We need to be willingly open to change and improvement in our relationships. How we communicate to one another being a big one. That’s the ticket to knowing how far you and your spouse are willing to go in mending the quality of your commitment.
Back then, I wouldn’t say my stones all skipped. I wasn’t the perfect communicator, or listener myself. That resulted in once engaging with someone who refused to hear me out, and in turn creating a harsh environment in our relationship for any communication whatsoever.
I remember thinking this myself – “He just won’t listen to me – he doesn’t understand me – he refuses to hear what I have to say!” Granted, do I think it is about finding the right person – who is willing and able to learn, empathize and value your feelings? Absolutely, but it doesn’t always work that way.

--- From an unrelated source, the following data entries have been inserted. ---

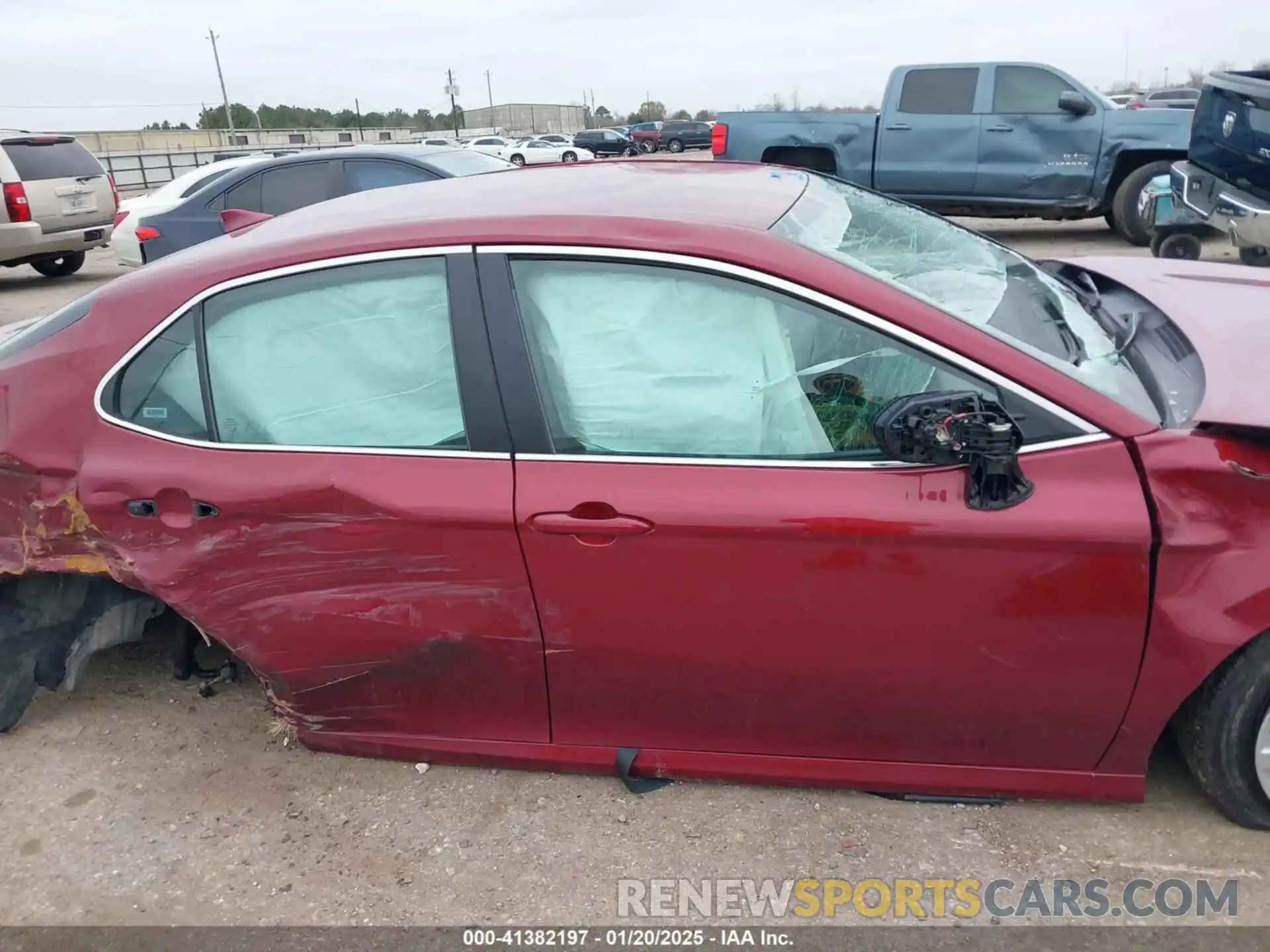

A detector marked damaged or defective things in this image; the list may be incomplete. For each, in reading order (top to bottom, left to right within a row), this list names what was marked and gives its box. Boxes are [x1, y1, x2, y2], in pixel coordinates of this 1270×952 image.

detached side mirror [1056, 93, 1097, 116]
shattered windshield [772, 173, 1163, 424]
red damaged sedan [2, 162, 1270, 827]
detached side mirror [878, 391, 1036, 510] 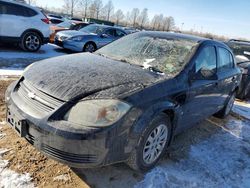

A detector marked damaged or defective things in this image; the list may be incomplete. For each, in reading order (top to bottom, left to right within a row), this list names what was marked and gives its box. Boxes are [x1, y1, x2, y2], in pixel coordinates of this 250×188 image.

damaged front bumper [4, 81, 142, 168] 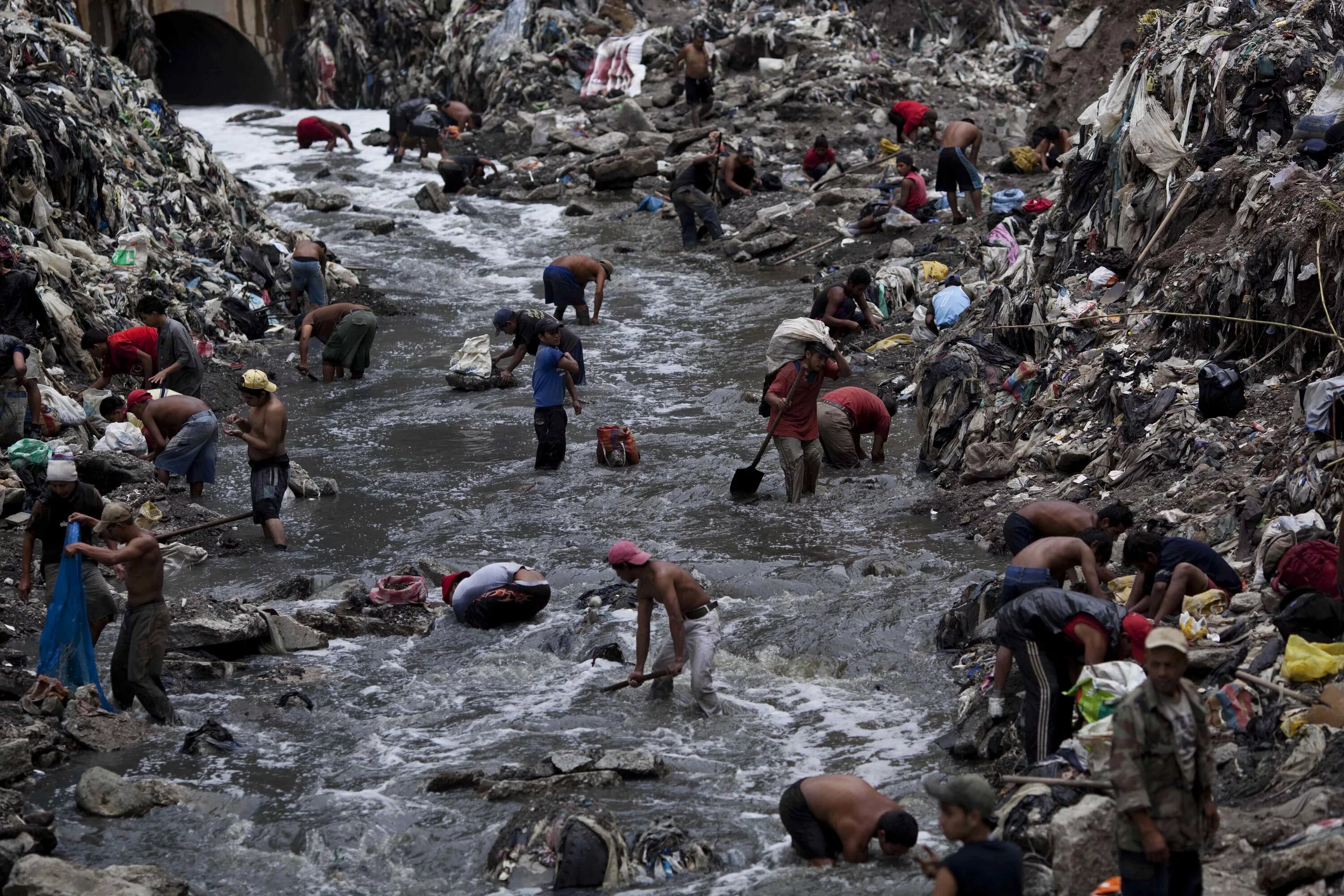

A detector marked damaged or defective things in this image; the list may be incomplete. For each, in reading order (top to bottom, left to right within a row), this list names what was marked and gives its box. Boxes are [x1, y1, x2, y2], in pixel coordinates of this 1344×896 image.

ragged clothing [159, 410, 222, 484]
ragged clothing [254, 455, 294, 523]
ragged clothing [112, 599, 179, 724]
ragged clothing [649, 609, 720, 713]
ragged clothing [1111, 677, 1219, 853] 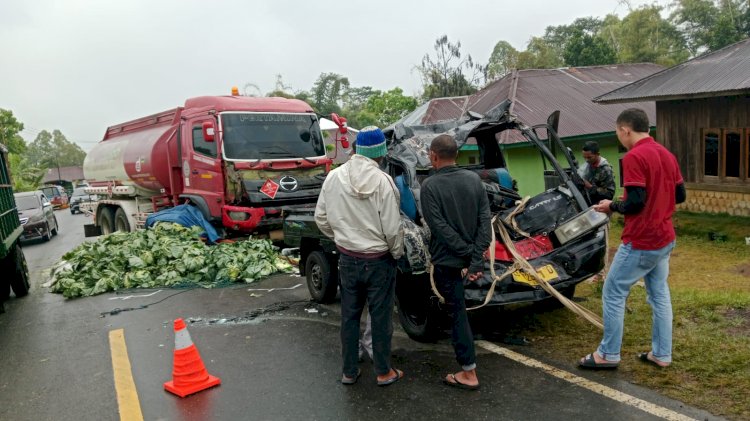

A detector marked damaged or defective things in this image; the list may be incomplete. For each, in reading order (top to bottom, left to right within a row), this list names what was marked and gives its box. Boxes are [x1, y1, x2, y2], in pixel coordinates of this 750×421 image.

shattered windshield [220, 112, 326, 160]
wrecked minivan [284, 101, 612, 342] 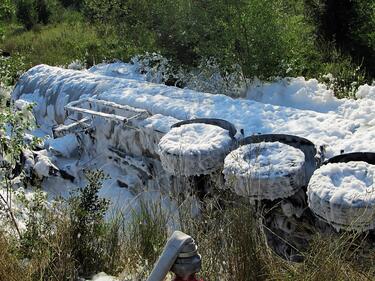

My husband has been an excellent communicator and listener from the get-go. Its one of the many things that still surprises me about him years later, because it is one of his very best qualities as a spouse. And I go out of my way in letting him know I appreciate those qualities about him. And with that, it has dramatically changed the way I communicate my feelings, needs and conflict. If you’re struggling to be heard in your relationship, open yourself to change and try my 10 tactics in getting your significant other to hear you, and listen.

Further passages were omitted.